NOW THEREFORE, in consideration of the mutual covenants set forth in the above Recitals, with the Recitals incorporated by reference as if fully set forth herein, and for other good and valuable consideration, the receipt and sufficiency of which is acknowledged, the parties agree as follows:

  1. Services by the Company. The Client must provide the Company with an event location that is in a safe, workable condition for the Event. The Company shall provide bartenders in such amounts as is approved by the Client seven (7) days prior to the Event.
  2. Payment. Upon execution of the Agreement, the Client shall pay the Company the event fee in accordance with the Company’s Invoice that has been submitted to the Client herewith the Agreement.

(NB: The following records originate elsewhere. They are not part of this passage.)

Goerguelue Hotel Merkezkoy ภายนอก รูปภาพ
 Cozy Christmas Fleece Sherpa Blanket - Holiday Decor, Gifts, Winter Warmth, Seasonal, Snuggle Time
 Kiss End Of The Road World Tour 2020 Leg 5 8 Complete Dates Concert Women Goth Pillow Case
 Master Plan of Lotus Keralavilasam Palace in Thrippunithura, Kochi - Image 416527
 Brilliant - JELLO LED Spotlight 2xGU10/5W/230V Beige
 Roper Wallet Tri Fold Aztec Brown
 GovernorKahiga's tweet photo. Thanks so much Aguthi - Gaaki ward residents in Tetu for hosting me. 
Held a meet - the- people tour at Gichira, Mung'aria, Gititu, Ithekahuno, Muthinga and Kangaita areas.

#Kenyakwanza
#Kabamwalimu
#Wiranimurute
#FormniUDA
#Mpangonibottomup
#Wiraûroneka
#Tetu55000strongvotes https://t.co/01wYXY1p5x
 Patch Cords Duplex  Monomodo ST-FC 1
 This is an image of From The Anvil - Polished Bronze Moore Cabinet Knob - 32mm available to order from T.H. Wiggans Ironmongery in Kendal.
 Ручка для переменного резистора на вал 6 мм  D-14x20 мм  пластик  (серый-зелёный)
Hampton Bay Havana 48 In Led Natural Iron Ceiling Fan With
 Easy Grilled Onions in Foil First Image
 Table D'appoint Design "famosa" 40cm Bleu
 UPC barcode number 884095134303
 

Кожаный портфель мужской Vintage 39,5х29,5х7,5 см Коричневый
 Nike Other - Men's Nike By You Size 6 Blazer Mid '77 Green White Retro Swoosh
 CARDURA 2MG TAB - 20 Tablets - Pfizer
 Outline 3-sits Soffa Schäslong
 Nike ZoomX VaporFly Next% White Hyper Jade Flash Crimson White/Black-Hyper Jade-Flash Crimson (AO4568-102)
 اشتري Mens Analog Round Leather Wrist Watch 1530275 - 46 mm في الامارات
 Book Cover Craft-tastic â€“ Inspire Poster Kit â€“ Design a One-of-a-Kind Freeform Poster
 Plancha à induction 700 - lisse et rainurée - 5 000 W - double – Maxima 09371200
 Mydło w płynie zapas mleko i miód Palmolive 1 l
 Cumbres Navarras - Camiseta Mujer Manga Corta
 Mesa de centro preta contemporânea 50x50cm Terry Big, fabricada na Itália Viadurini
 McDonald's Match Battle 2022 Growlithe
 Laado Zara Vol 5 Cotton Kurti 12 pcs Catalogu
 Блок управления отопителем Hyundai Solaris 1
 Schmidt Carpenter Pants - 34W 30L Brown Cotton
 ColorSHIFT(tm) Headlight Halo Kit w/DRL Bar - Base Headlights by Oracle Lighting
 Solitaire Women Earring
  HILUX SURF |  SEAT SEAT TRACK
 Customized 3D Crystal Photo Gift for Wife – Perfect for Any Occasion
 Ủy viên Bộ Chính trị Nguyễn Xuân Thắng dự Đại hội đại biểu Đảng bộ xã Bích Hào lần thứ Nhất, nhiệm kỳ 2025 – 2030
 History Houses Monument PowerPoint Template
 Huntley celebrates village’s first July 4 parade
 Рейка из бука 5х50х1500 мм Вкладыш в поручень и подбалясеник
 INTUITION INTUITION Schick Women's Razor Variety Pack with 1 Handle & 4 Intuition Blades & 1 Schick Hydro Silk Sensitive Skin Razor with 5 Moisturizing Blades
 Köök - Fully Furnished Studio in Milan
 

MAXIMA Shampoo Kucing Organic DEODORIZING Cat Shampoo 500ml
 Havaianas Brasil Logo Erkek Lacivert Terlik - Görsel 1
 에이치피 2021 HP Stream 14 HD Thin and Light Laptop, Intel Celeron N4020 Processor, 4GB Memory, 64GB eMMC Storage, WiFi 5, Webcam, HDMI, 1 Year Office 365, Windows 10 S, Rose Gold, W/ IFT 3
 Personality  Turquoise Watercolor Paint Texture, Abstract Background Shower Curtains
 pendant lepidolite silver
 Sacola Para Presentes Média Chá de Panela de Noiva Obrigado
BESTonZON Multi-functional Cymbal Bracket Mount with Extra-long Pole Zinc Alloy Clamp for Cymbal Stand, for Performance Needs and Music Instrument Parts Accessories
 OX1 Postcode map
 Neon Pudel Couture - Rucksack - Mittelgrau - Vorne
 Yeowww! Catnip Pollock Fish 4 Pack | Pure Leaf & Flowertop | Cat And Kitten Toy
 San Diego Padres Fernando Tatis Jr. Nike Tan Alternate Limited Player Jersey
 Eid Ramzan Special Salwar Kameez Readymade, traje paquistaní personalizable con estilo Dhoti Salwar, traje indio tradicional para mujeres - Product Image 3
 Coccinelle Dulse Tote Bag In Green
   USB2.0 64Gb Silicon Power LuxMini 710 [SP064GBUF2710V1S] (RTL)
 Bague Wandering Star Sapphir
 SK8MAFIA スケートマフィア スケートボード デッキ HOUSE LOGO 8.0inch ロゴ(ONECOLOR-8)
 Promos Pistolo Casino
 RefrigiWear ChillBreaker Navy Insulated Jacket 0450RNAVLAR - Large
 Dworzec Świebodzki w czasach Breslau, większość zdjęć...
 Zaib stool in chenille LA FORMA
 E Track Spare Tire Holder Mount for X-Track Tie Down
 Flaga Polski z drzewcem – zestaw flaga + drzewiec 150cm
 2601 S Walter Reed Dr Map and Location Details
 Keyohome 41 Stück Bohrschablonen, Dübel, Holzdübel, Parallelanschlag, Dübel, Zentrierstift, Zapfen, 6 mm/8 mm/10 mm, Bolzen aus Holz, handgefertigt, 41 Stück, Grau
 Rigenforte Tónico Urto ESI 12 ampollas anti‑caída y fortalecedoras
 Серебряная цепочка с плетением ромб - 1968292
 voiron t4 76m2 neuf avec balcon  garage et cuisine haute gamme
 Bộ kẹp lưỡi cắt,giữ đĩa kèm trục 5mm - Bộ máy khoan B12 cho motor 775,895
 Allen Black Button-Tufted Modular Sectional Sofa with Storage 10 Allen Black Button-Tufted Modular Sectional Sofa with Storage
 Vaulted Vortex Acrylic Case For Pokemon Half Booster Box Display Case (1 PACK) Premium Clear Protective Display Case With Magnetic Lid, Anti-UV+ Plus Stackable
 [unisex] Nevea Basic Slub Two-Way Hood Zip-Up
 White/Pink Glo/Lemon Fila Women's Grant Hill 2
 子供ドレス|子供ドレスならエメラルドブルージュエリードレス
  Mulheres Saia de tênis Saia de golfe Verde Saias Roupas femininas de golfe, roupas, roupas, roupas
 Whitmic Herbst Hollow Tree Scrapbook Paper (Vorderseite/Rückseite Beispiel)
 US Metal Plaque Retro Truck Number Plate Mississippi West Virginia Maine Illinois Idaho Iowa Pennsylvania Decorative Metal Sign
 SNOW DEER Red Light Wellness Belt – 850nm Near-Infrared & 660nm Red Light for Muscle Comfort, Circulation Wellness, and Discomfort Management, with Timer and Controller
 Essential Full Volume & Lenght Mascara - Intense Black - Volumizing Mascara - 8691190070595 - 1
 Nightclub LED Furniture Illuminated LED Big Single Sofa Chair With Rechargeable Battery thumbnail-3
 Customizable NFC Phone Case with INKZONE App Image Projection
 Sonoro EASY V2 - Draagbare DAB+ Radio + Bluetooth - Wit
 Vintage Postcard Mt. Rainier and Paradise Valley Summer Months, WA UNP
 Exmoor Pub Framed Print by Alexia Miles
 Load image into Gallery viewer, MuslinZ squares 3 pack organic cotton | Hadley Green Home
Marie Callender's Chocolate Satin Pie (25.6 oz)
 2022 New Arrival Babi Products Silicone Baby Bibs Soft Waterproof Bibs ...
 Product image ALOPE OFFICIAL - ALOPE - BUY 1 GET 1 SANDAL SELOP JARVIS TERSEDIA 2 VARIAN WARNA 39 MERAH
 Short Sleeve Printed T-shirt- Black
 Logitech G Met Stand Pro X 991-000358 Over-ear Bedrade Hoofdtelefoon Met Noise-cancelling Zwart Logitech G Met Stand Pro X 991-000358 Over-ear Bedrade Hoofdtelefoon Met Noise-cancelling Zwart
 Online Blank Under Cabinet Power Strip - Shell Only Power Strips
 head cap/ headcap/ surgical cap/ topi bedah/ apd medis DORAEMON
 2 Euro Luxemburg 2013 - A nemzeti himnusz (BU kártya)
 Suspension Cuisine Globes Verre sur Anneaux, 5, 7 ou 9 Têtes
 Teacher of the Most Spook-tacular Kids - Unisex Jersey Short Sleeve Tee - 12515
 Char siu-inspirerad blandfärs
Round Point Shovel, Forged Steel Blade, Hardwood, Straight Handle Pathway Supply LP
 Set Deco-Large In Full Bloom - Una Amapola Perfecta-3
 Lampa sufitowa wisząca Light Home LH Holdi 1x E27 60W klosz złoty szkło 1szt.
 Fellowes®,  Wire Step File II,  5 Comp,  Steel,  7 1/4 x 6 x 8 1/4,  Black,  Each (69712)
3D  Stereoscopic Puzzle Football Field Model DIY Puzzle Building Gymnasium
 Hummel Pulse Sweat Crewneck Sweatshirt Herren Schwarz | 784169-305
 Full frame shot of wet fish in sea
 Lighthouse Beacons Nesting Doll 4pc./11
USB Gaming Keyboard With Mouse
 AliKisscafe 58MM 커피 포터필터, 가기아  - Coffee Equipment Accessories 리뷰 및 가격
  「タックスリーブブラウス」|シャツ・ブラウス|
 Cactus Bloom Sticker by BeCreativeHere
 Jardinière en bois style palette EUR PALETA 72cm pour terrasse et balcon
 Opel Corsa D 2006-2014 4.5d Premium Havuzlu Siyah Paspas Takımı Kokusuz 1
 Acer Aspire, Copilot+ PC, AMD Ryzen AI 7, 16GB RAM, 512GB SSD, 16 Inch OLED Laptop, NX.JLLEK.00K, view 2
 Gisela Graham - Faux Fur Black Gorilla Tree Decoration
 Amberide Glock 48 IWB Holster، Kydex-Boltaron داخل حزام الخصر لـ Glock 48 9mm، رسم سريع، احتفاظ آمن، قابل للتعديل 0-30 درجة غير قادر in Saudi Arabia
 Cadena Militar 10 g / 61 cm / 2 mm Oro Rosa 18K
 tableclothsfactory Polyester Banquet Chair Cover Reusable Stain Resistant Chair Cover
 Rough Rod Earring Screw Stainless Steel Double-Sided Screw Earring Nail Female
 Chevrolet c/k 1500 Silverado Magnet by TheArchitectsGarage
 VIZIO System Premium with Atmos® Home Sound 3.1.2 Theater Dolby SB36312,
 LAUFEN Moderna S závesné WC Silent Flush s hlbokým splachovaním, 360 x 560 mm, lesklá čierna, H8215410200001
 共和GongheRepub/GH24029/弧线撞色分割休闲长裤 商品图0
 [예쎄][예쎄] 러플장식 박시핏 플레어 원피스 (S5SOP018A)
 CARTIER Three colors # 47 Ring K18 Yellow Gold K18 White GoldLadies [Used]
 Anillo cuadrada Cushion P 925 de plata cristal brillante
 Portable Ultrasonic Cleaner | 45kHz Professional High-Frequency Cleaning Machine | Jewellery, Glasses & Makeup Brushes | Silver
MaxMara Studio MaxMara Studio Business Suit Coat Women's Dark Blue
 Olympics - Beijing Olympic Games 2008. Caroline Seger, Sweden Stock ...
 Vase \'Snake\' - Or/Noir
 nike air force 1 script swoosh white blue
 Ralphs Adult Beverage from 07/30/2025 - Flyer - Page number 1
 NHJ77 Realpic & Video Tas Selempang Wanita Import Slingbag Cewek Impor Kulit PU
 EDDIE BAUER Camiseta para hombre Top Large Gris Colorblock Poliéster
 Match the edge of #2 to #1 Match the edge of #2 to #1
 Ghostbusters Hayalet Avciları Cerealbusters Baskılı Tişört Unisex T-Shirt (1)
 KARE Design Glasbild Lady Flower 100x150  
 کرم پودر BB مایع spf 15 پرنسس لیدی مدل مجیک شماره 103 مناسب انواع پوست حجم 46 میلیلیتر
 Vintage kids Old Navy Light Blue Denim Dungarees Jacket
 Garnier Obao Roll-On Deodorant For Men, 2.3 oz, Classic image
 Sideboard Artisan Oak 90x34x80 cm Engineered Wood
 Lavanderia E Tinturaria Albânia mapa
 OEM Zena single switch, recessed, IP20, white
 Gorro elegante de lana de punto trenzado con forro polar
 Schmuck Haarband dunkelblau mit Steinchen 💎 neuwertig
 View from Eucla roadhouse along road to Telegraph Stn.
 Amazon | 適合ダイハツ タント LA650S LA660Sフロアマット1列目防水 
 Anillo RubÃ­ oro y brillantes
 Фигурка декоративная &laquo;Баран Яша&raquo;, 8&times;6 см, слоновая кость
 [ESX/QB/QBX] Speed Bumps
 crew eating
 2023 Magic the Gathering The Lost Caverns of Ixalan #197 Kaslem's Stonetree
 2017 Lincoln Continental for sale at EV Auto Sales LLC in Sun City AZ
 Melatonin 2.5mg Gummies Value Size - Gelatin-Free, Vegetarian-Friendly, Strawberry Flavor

  3. Catering/Food items/Liquor/Refreshments. The Client will pay for the costs of the food, liquor and non-alcoholic refreshments, and glasses for the Event.
  4. Age of Event Guests. The Client represents that all guests at the Event are 21 years of age or older. If there will be any guests at the Event who are younger than 21 years of age, the Client must inform the Company at the beginning of the Event and the Company must approve of their attendance.
  5. Confidentiality. The terms and the very existence of this Agreement shall remain strictly confidential. Both parties agree not to disclose any of the terms of this Agreement whether generally or specifically, to any third party, except as may be required by a party’s accountants or insurers, or by order of a court of competent jurisdiction.
  6. Force Majeure. Neither party shall be liable for any failure to perform its obligations pursuant to this Agreement where such failure is as a result of Acts of God (including, without limitation, fire, flood, earthquake, storm, hurricane or other natural disaster), inclement weather, war, invasion, act of foreign enemies, hostilities (whether war is declared or not), civil war, rebellion, revolution, insurrection, military or usurped power or confiscation, terrorist activities, nationalization, government sanction, blockage, embargo, strike, lockout or material interruption or failure of electricity (or telephone service), which makes such party’s performance under this Agreement illegal or impossible to perform (a “Force Majeure Event”). The party prevented from performing pursuant to a Force Majeure Event shall provide the other party with prompt written notice of such delay and shall take all reasonably necessary steps to resume full performance in a timely manner. Notwithstanding the foregoing, if a party’s performance is prevented as a result of a Force Majeure Event, then the other party may terminate this Agreement upon delivery of written notice to the non-performing party with no liability whatsoever
  7. Indemnification Obligations of the Client. The Client agrees to indemnify, defend and hold harmless the Company and its members, managers, officers, directors, shareholders, agents, employees, contractors, and their respective successors and assigns from and against all Claims arising out of or relating to any third party Claim alleging: (i) any breach of any terms, conditions, representations or warranties made by, or obligation of, the Client in this Agreement; (ii) unauthorized or illegal acts or omissions by the Client and/or the Client’s guests at the event; and (iii) any property damage, death or personal injury caused by the gross negligence or willful acts, of the Client and/or the Client’s guests at the event.
  8. Choice of Law. This Agreement shall be construed in accordance with the laws of the State of Tennessee.
  9. Relationship of the Parties. Nothing expressed or implied by the terms of this Agreement shall make or constitute either party hereto the agent, partner or joint venturer of and with the other party. Neither party shall have the right, implied or otherwise, to bind the other party or make any commitments on behalf of the other party.
  10. Severability. Each provision of this Agreement is severable from the entire Agreement, and in the event that any provision should be deemed invalid or unenforceable, that provision shall be amended if possible to be enforceable, but in any event the remaining provisions hereof shall remain in effect.
  11. Execution. Delivery of executed copies of this Agreement may be made by electronic transmission. This Agreement may be executed in counterparts, each of which shall constitute an original and all of which collectively shall constitute a single agreement.
  12. Entire Agreement. This Agreement is the entire agreement between the Company and the Client, which supersedes any prior or contemporaneous agreement or understanding, whether written or oral, and any other communications between the Company and the Client relating to the subject matter of this Agreement. This Agreement may not be changed orally, but only by a writing signed by both parties which specifically references this Agreement.


IN WITNESS WHEREOF, the Parties hereto have caused this Agreement to be executed the day and year first above written.